Tuesday, June 23, 2015

in which I'm {not} sorry

I haven't blogged since March, since I figured out that keeping up a habit of prolific writing is difficult when you can't stop throwing up long enough to type a full sentence.

Over the past month, I've been thinking about my space here, wondering if I was ever going to come back and write another word here. The last post I wrote fell on seemingly deaf ears. No one commented, no one shared. I was going to come back with an apology post.
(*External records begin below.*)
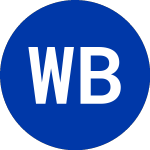 WR Berkley (WRB-B)のロゴ。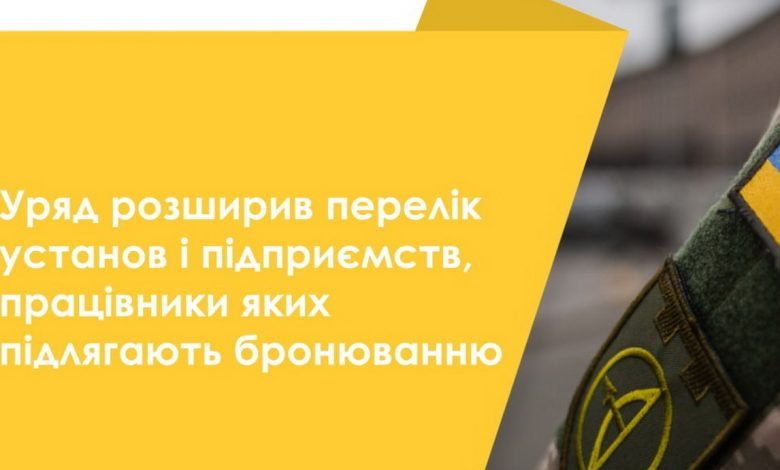 бронирование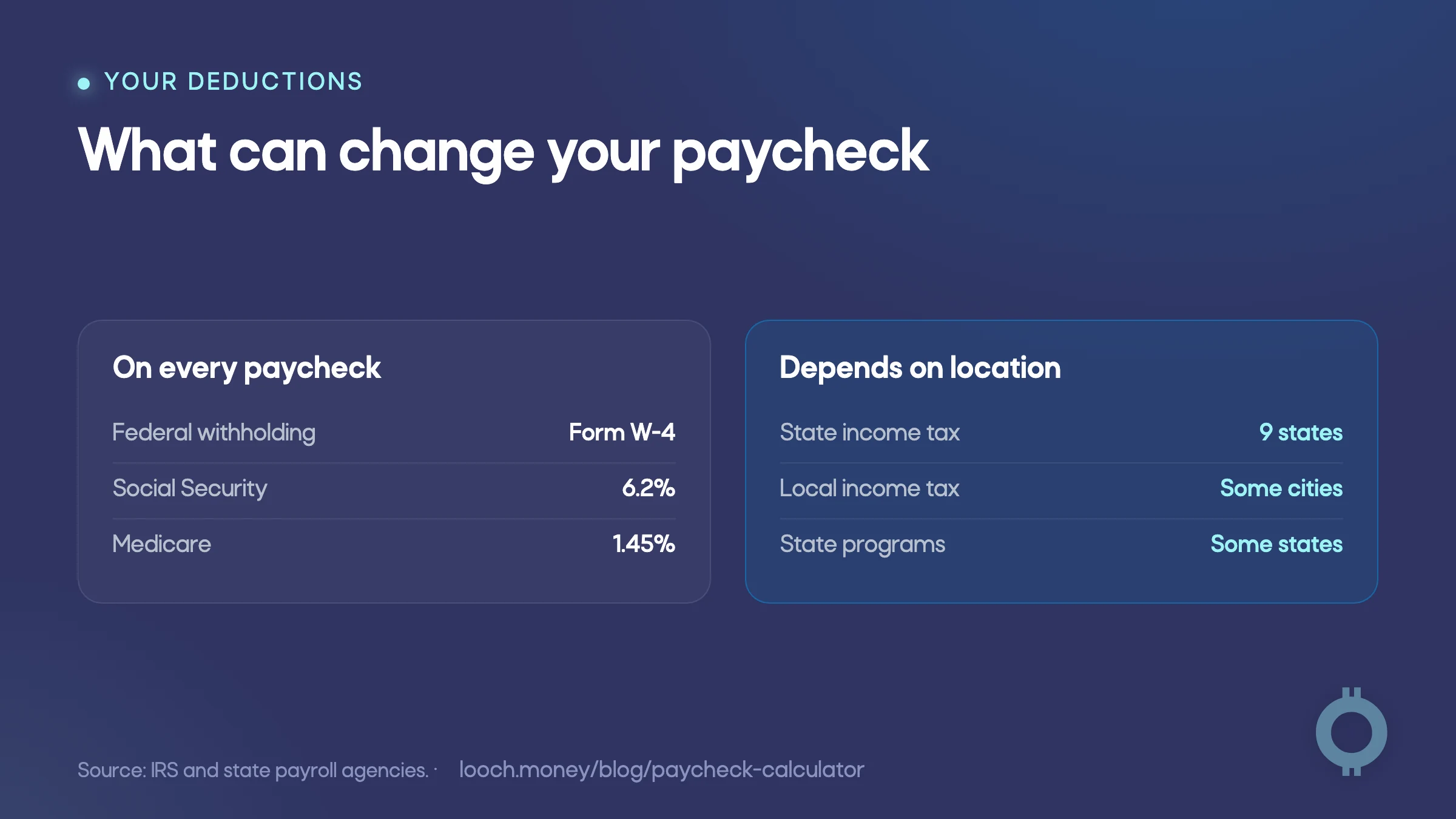 Paycheck calculator summary of deductions that apply everywhere or by location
The irony of that will hit you in a minute.

::

Women apologize a lot. For bumping into someone, for not seeing past the over-full endcap at the grocery store, for standing in the spot where someone might possibly want to stand in the next few minutes.
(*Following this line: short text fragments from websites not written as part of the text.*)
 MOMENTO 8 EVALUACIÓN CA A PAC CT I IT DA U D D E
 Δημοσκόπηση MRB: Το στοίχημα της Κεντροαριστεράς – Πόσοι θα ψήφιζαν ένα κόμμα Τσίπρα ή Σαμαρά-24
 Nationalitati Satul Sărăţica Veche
I'm sorry. Oops, sorry about that. 

Whoops, sorry. 

Sorry. Sorry. Sorry.

I'm sorry. 

The idea was posed to me today via a local radio host that perhaps women are incapable of a sincere apology. I have to admit, he might be close to right. Because when you repeat the same words, over and over again, simple letters for just standing there, just existing, just wearing this or saying that or exhaling in the wrong direction....do they lose their meaning?

It's that overuse that we've come to understand as prevalent in a country where the primary language is complicated in the small things but too simplified in the bigger things. Greek has three words for love. Sanskrit has ninety-six. English has one.

And then we come back to "I'm sorry" and the way that maybe it doesn't mean what it should. And it's not because we don't mean it when we say it, because we do. But it's repeated so often that it has lost meaning. It sounds funny to our ears.

Sorry. 

It even looks funny when I type it now. 

::

I'm in my third trimester of pregnancy with our second daughter. Our second girl. Our second future woman.

There is more to this discussion. There has to be, for my girls' sake. For my sister's sake. For my daughters' daughter's sake. For my own sake.

Because it was Jill who memorized the Signs. It was Lucy who saw Aslan on the cliff. It was Jael who hammered the tent peg through Sisera's temple. It was Mary who saw Him first.

And none of them were apologizing between roars.